To start, we have imported the google share price Dataset from “kaggle” into Rstudio, and selected the Opening stock price of “Google” as a key variable to plot in this test. We will use the ggplot library to create the histogram representing this variable.
library(ggplot2)
library(ggpubr)
DataGoogle <- read.csv(file = "Data/GOOG.csv",header = TRUE)
DataG <- as.data.frame(DataGoogle)
ggplot( data = DataG, mapping = aes( x = Open
) ) +
geom_histogram(color="Black", fill="Green", alpha=0.2, binwidth = 12)+
geom_vline(mapping = aes(xintercept = mean(Open
)), colour = 'Blue') +
geom_vline(mapping = aes( xintercept = median(Open)),
linetype = "dashed", color = 'black')
In a perfectly symmetrical distribution, the \(Mean\) and the \(Median\) are the same. If you see the above graph,you can get an idea of the distribution of a dataset. When the Mean and the Median are the same, the dataset is more evenly distributed from the lowest to highest values. When the mean and the median are different then it is likely the data is not symmetrical. In this case the Median is greater than the Mean, which resulted in “Leftward Skewed”.
Standard Deviation is a measure of how spread out a normally distributed set of data is. It is a statistic that tells you how closely all of the data is gathered around the mean in a dataset. The shape of a normal distribution is determined by the mean and the standard deviation. The steeper the bell curve, the smaller the standard deviation. If the data is spread far apart, the bell curve will be much flatter, meaning the standard deviation is large. To study this we will calculate the mean, median, and standard deviation, and also plot the density plot for the Google’s Opening share price.
summary( DataG$Open)
## Min. 1st Qu. Median Mean 3rd Qu. Max.
## 49.4 244.8 398.9 633.1 929.0 2919.0
print(paste("SD =", sd(DataG$Open)))
## [1] "SD = 555.618089985143"
ggdensity(DataG$Open)
Observing the density plot for the Shareprice, we can analyze that the graph is flat , which is due to non-normal data distribution. We can also conclude that the standard deviation is relatively high.
In a normal distribution, about 68% of the data lies inside +-1 standard deviation, and around 95% of the data lies +-2 standard deviations apart.
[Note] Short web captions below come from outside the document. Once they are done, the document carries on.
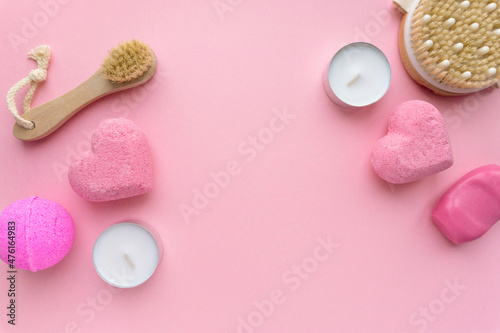 Set of spa products. Bath bombs, candles and massage brushes on pink background, space for text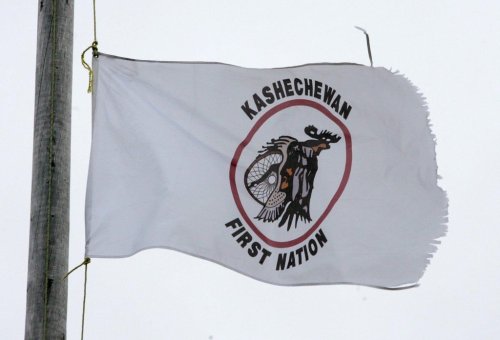 A tattered Kashechewan First Nation flag flies outside St. Paul's Anglician church on the Kashechewan native reserve in northern Ontario Sunday, Oct. 30, 2005. THE CANADIAN PRESS/Jonathan Hayward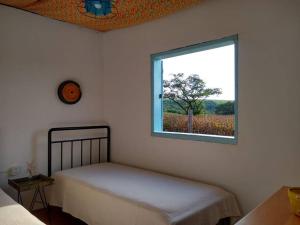 1 dormitorio con 1 cama y una ventana con un árbol en Casinha Original de Fazenda, en Araras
In order to test our data we will calculate the number of events that lie in 1 standard deviation and number of events in 2 standard deviations.
lower <- mean(DataG$Open)- sd(DataG$Open)
upper <- mean(DataG$Open)+ sd(DataG$Open)
index1 <- DataG$Open > lower &
DataG$Open < upper
y <- DataG[index1,]
x <- sum(index1)/nrow(DataG)
print(paste("1 SD =", x))
## [1] "1 SD = 0.852873030583874"
lower2 <- mean(DataG$Open)- 2*sd(DataG$Open)
upper2 <- mean(DataG$Open)+ 2*sd(DataG$Open)
index2 <- DataG$Open > lower2 &
DataG$Open < upper2
x <- sum(index2)/nrow(DataG)
print(paste("2 SD =", x))
## [1] "2 SD = 0.94902687673772"
gghist <- ggplot( data = DataG, mapping = aes( x = Open) ) + geom_histogram( color = "Black" ,fill="Green", alpha=0.2, binwidth = 12)
gghist +
geom_vline(mapping = aes(
xintercept = mean(Open)), colour = 'Blue') +
geom_vline(mapping = aes(
xintercept = upper), colour = 'Yellow') +
geom_vline(mapping = aes(
xintercept = lower), colour = 'Yellow') +
geom_vline(mapping = aes(
xintercept = upper2), colour = 'Purple') +
geom_vline(mapping = aes(
xintercept = lower2), colour = 'Purple') +
geom_vline(mapping = aes(
xintercept = median(Open)
),
linetype = "dashed", colour = 'Red')
Since for our dataset does not follow the 68 and 95 % of the data distribution we can conclude that the data is not normally distriuted.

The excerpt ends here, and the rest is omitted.